What to do:
Restate the listing word for word. Stop at the line that holds "Schaubild eines hybriden Heizsystems", include it, and leave out all pictures.

Exercise data:
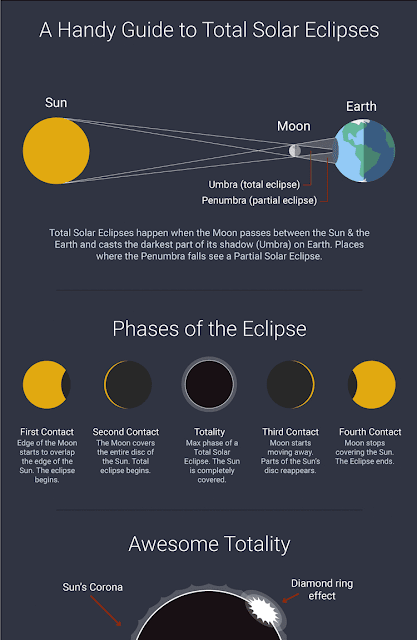 Unraveling The Solar Eclipse: A Guide To Nature's Celestial Wonder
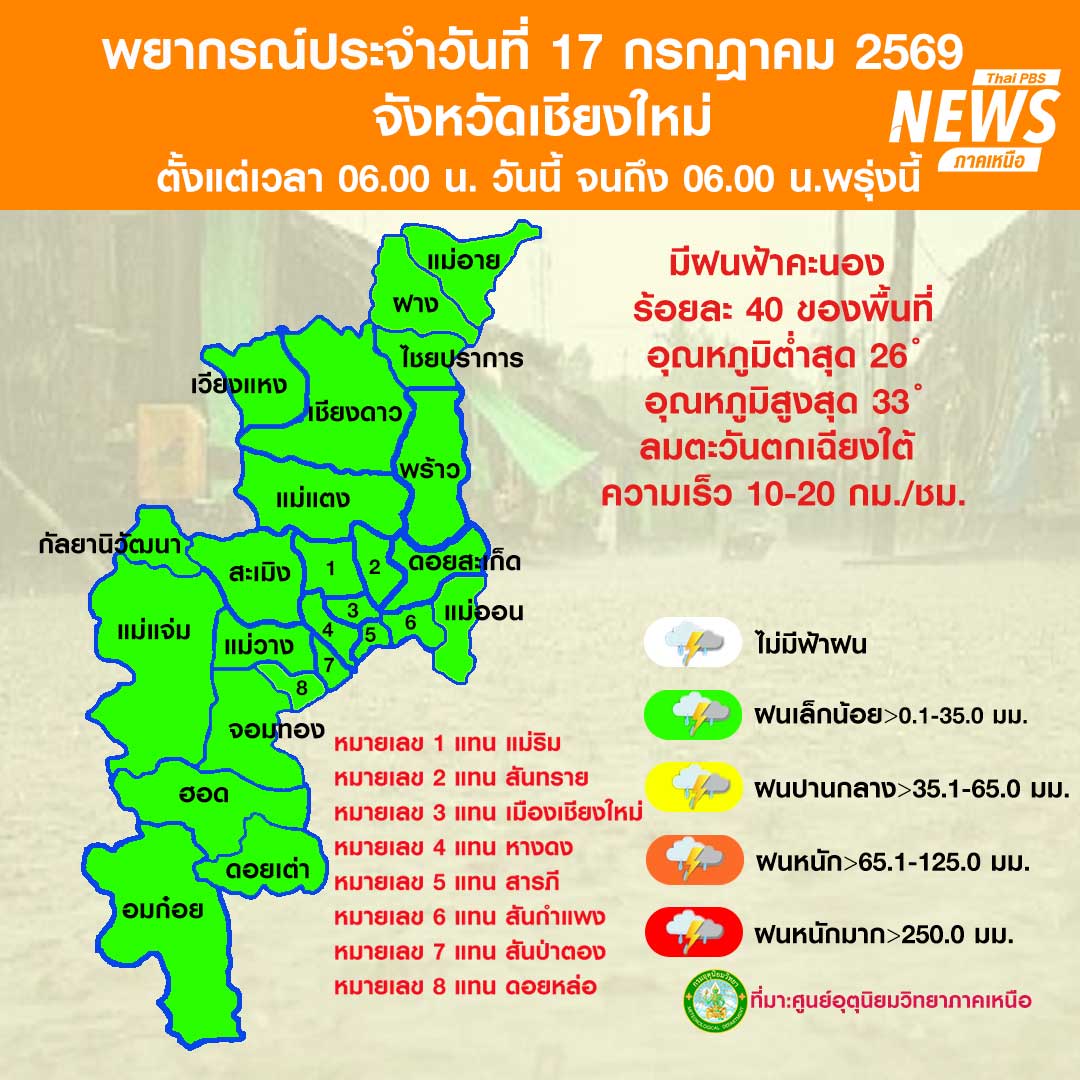 ThaipbsN's tweet photo. (17/7/69)
...ภาคเหนือยังมีคงมีฝนฟ้าคะนอง ขอให้ประชาชนระวังอันตรายจากฝนที่ตกสะสม ซึ่งอาจทำให้เกิดน้ำท่วมฉับพลันและน้ำป่าไหลหลาก โดยเฉพาะพื้นที่ลาดเชิงเขาใกล้ทางน้ำไหลผ่านและพื้นที่ลุ่ม
#ศูนย์อุตุนิยมวิทยาภาคเหนือ https://t.co/yRdj1nnobo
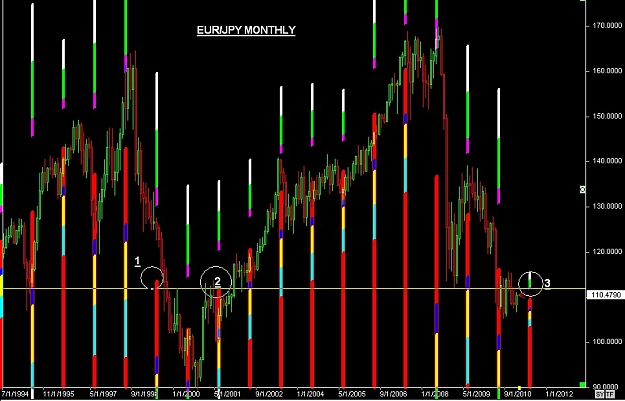 Click to Enlarge

Name: S & L  LEVELS 06 Jan. 19, 2011 19.31.jpg
Size: 98 KB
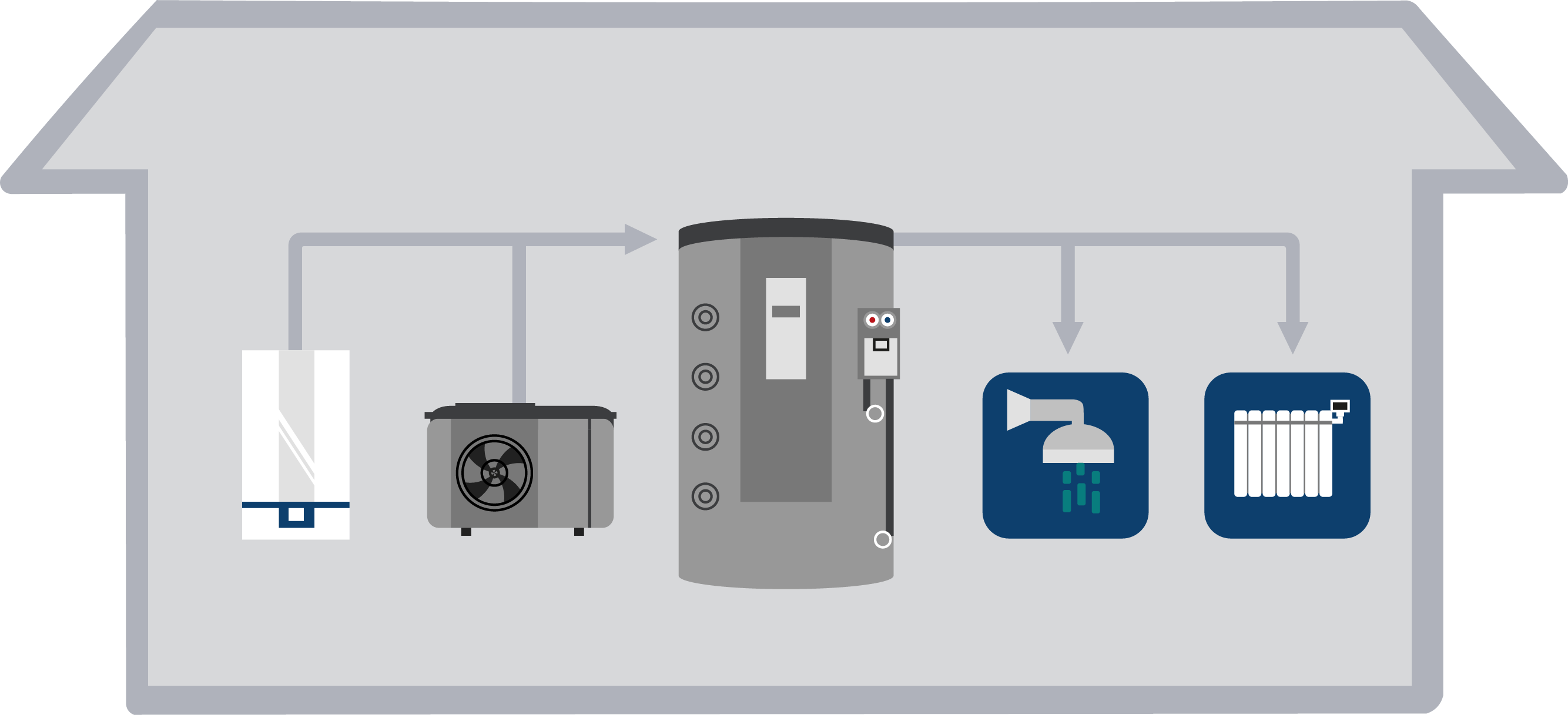 Schaubild eines hybriden Heizsystems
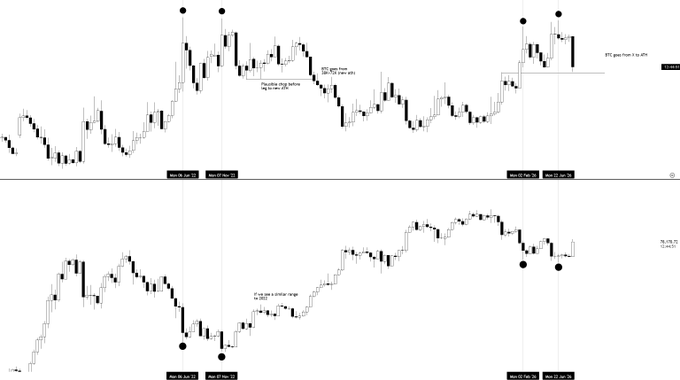 The image shows two stacked candlestick charts with annotations marking "Parabolic Drop Bottom" and "BTC goes from 1 to BTC" alongside dates like March 2022 and March 2025, visually supporting the post's claim about USDT.D and BTC price correlation mirroring the 2022 market structure. Black dots highlight key turning points on both charts, emphasizing the parallel price action between the historical 2022 move and the current 2025 trajectory.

Reply to the exercise:
 Unraveling The Solar Eclipse: A Guide To Nature's Celestial Wonder
 ThaipbsN's tweet photo. (17/7/69)
...ภาคเหนือยังมีคงมีฝนฟ้าคะนอง ขอให้ประชาชนระวังอันตรายจากฝนที่ตกสะสม ซึ่งอาจทำให้เกิดน้ำท่วมฉับพลันและน้ำป่าไหลหลาก โดยเฉพาะพื้นที่ลาดเชิงเขาใกล้ทางน้ำไหลผ่านและพื้นที่ลุ่ม
#ศูนย์อุตุนิยมวิทยาภาคเหนือ https://t.co/yRdj1nnobo
 Click to Enlarge

Name: S & L  LEVELS 06 Jan. 19, 2011 19.31.jpg
Size: 98 KB
 Schaubild eines hybriden Heizsystems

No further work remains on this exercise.